## WHAT THIS TASK INVOLVES
Repeat the data that follows verbatim. Images are not part of the copy.

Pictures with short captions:
'''
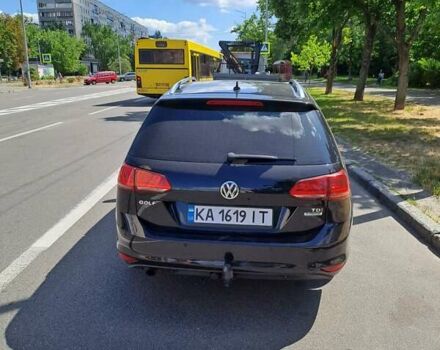 Чорний Фольксваген Гольф, об'ємом двигуна 1.6 л та пробігом 320 тис. км за 9200 $, фото 6 на Automoto.ua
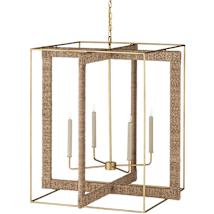 Contemporary Gold Leaf / Natural Abaca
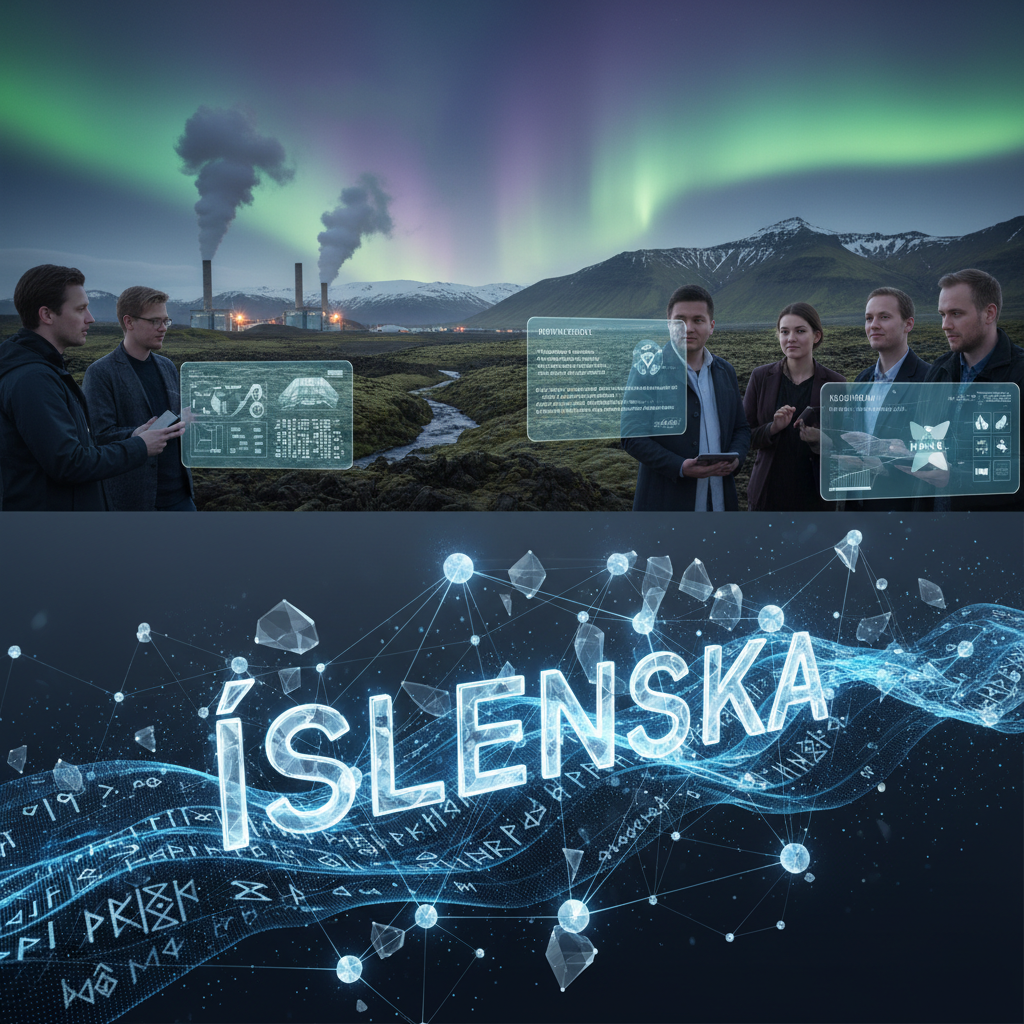 AI in Icelandic: Preserving Language, Powering Innovation with Nordic Models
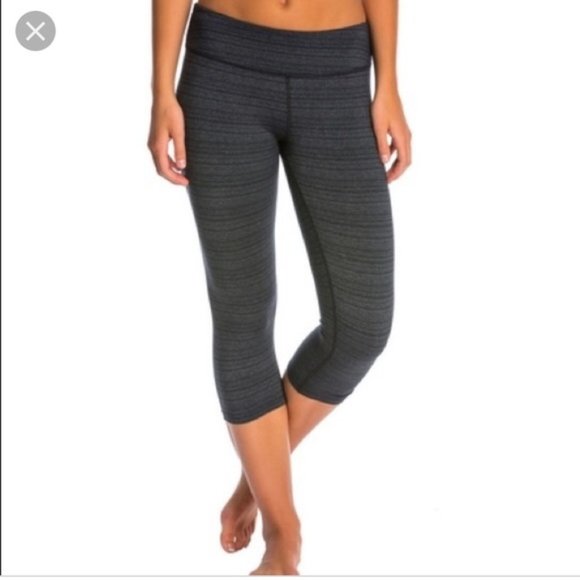 striped workout pants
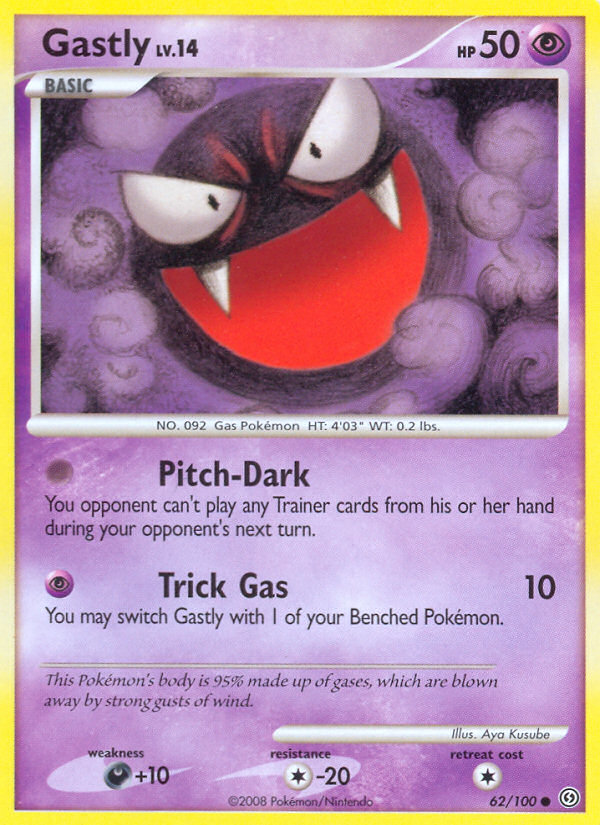 Gastly (62/100) [Diamond & Pearl: Stormfront] | Odin's Place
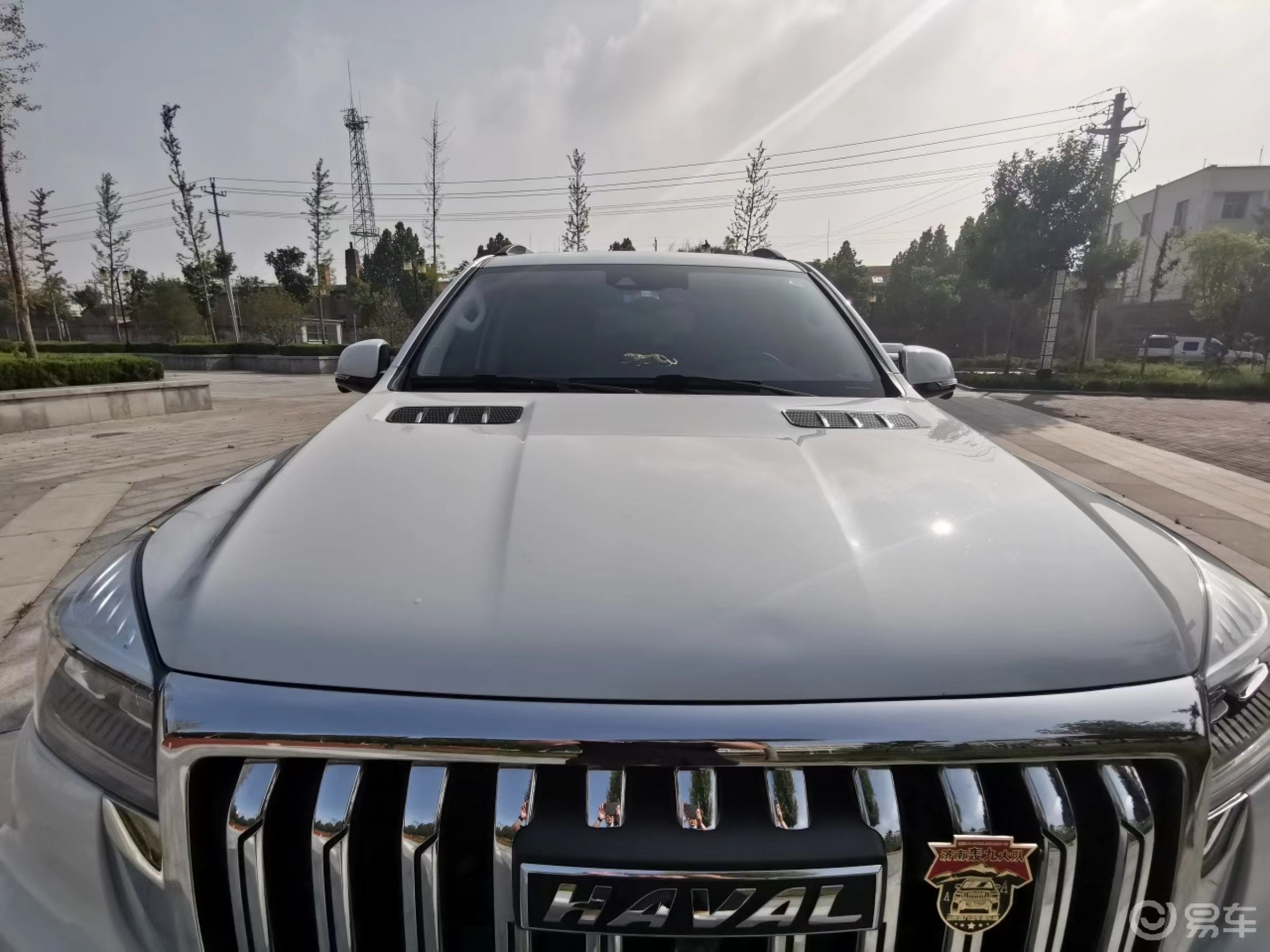 请问下2021款h9怎样调大灯,晚上本来就用的近光,经常被人误会是远光被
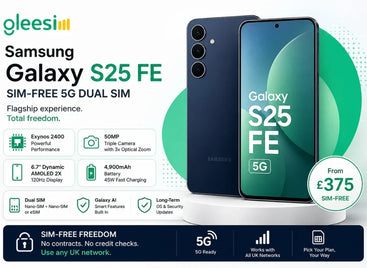 Samsung Galaxy S25 FE 5G Dual SIM SIM-free smartphone from £375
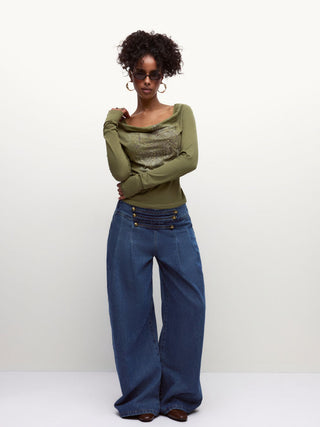 New Rules Denim Trouser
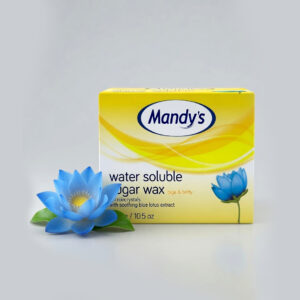 WATER-SOLUBLE SUGAR WAX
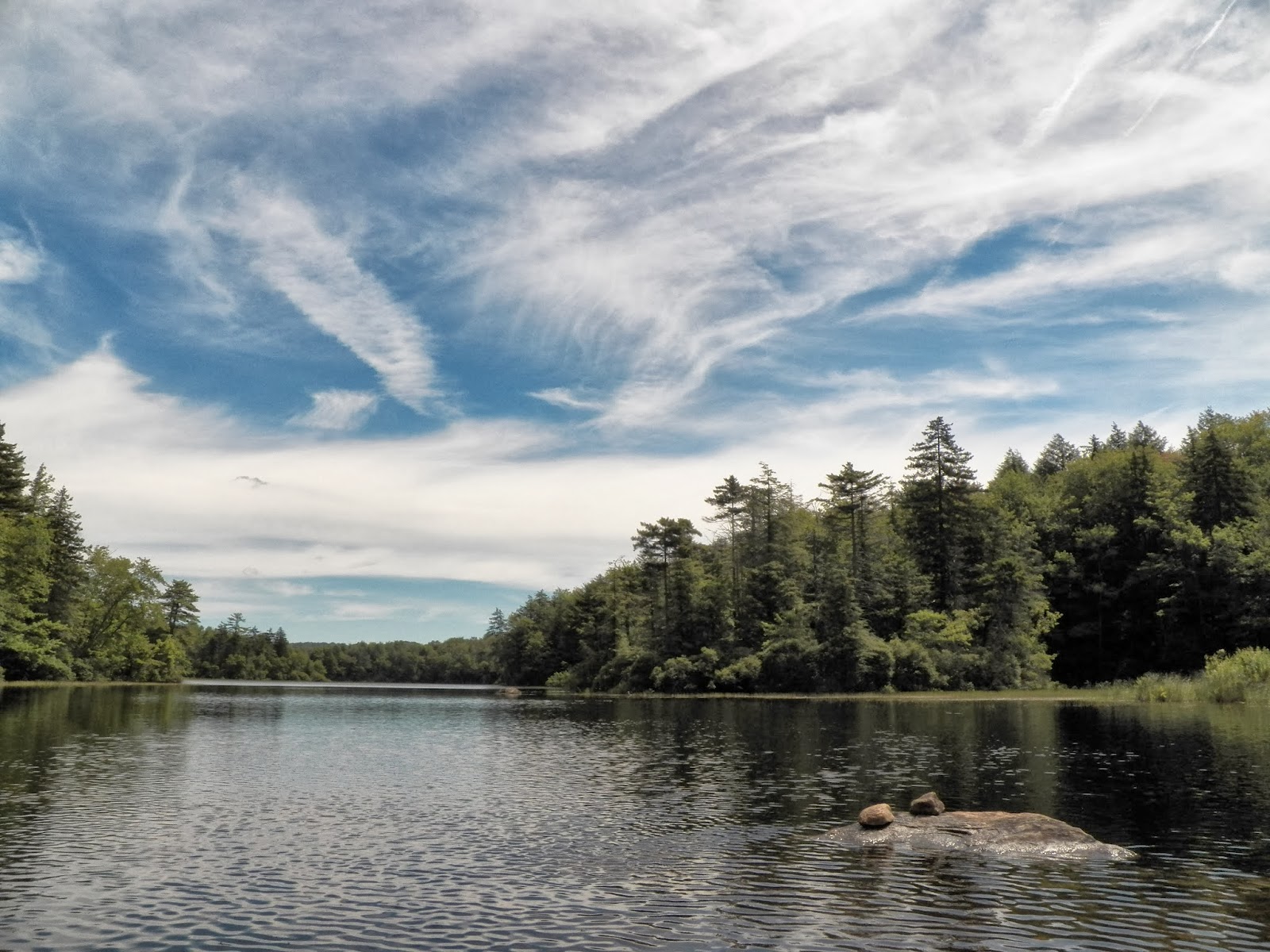 Quiet Kayaking in New York State West, Canada and Lily Lakes, Part 3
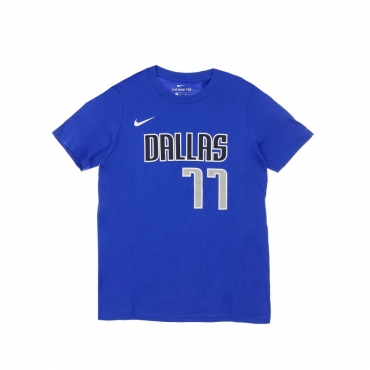 maglietta ragazzo nba number  name tee icon edition no 77 luka doncic dalmav ORIGINAL TEAM COLORS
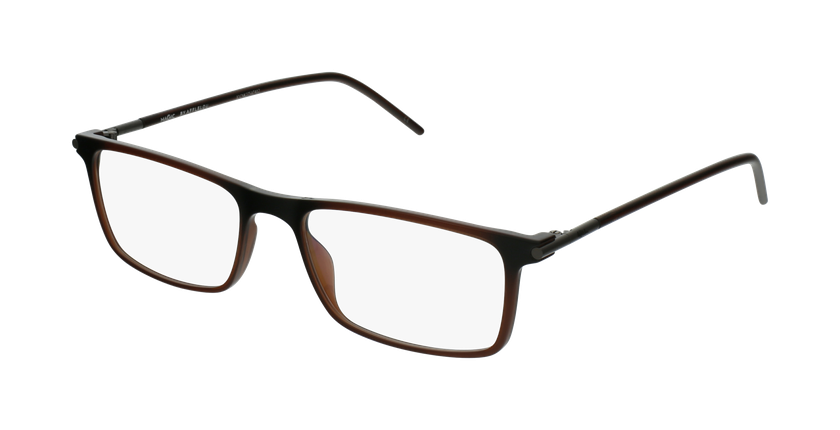 LUNETTES DE VUE homme MAGIC 72 marron - vue de 3/4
'''
## EXERCISE RESULT
 Чорний Фольксваген Гольф, об'ємом двигуна 1.6 л та пробігом 320 тис. км за 9200 $, фото 6 на Automoto.ua
 Contemporary Gold Leaf / Natural Abaca
 AI in Icelandic: Preserving Language, Powering Innovation with Nordic Models
 striped workout pants
 Gastly (62/100) [Diamond & Pearl: Stormfront] | Odin's Place
 请问下2021款h9怎样调大灯,晚上本来就用的近光,经常被人误会是远光被
 Samsung Galaxy S25 FE 5G Dual SIM SIM-free smartphone from £375
 New Rules Denim Trouser
 WATER-SOLUBLE SUGAR WAX
 Quiet Kayaking in New York State West, Canada and Lily Lakes, Part 3
 maglietta ragazzo nba number  name tee icon edition no 77 luka doncic dalmav ORIGINAL TEAM COLORS
 LUNETTES DE VUE homme MAGIC 72 marron - vue de 3/4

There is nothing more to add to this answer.